Gleason hopes his “candy” will be sweet today

Darold Gleason’s no one-trick pony. An accomplished tournament angler and seasoned fishing guide on Toledo Bend, he’s mastered just about every technique relevant to southern waters.

Today, however, he’ll likely keep his blinders on, as he focuses on the technique that propelled him from 16th place on Day 1 to the top spot at the Bassmaster Central Open on Sam Rayburn Reservoir.

The pro from Many, La. opened with 17 pounds, 3 ounces, but roared back with yesterday’s limit of 27-1 — the event’s third-largest sack.

His key technique: Bomb casting a 3/4-ounce V&M football jig with a V&M J-Bug trailer, both in the Gleason’s Candy color. Gleason described his namesake color as a blend of green pumpkin candy and purple.

“It’s a color that’s near and dear to me; it’s the color I used to win (the 2019 Central Open on Toledo Bend),” Gleason said. “I think it’s a great bluegill imitation.

“It’s ridiculous how much I have of it in my boat, but it’s just something I have confidence in. And with the bite being so tough, I feel it’s imperative to feel good about what you’re doing.”

Gleason trims his jig skirt just past the hook point so his trailer has plenty of room to move. For added appeal, he dyes his trailer tips chartreuse.

“I’m not trying to mimic crawfish; I’m trying to mimic bluegill,” Gleason said of his big-fish strategy. “I think that’s what’s around the brush piles I’m running.”

Also key — a stealthy approach. Knowing how Rayburn’s pressured fish can turn awfully skittish, he wisely kept his distance and launched long casts of 100-plus feet and then fed out line to ensure maximum separation.

“I think that’s the key — not spooking them; sneaking up and catching them by surprise,” Gleason said. “I don’t think the fish I’m catching are necessarily feeding; I’m just throwing that jig in their living room where they’re chilling out and dragging it by them enough and they like the cricket I have on it.”

Gleason said the late-summer dog days have the fish in a generally lethargic mood.
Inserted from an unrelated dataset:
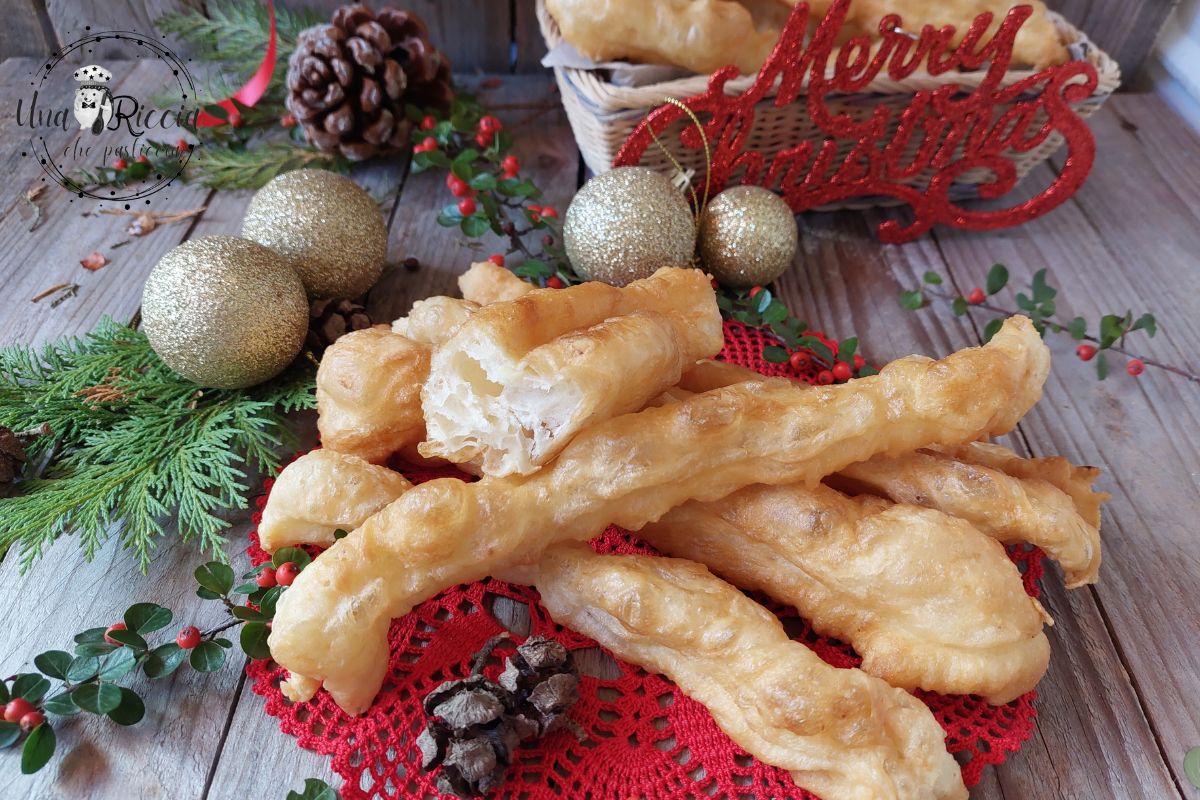 Crispelle salgadas de Natal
Bite windows are few and far between, so he believes a strategy based on sudden intrusion best suits the playing field.

“I don’t know the lake well enough to have a bunch of honey holes, so I’m trying to hit as many high-percentage spots as I can,” Gleason said. “I’m fishing each spot 10-15 minutes and gone to the next one.”

If all goes as planned, Gleason will make most, if not all of his final-round casts with this bait. The first two days, he fished a Carolina rig and a dropshot to secure a limit and then went hog hunting.

At yesterday’s weigh-ins, Gleason said he would likely bypass the conservative part of his game plan and devote his day to seeking “ocean ponies” — giant bass, like the 9-7 and 8-13 that anchored his Day-2 bag.

“Swinging for the fence” is one of fishing’s classic cliches, but today, it fits. Gleason entered Championship Saturday with only a 1-pound, 5-ounce lead over Day-1 leader Matsushita Masayuki, who stumbled on Day 2 with 15-5 after weighing 27-10 on Day 1.

Following in third with 41-15, Josh Douglas has been a consistent producer with 22-5 and 19-10. Not far behind, local pro Brian Schott and Bassmaster Elite Keith Combs will, no doubt, be gunning for the top.

Gleason’s course to a second Bassmaster Open title will be no cakewalk, but maybe his “candy” will reward him with a sweet finish.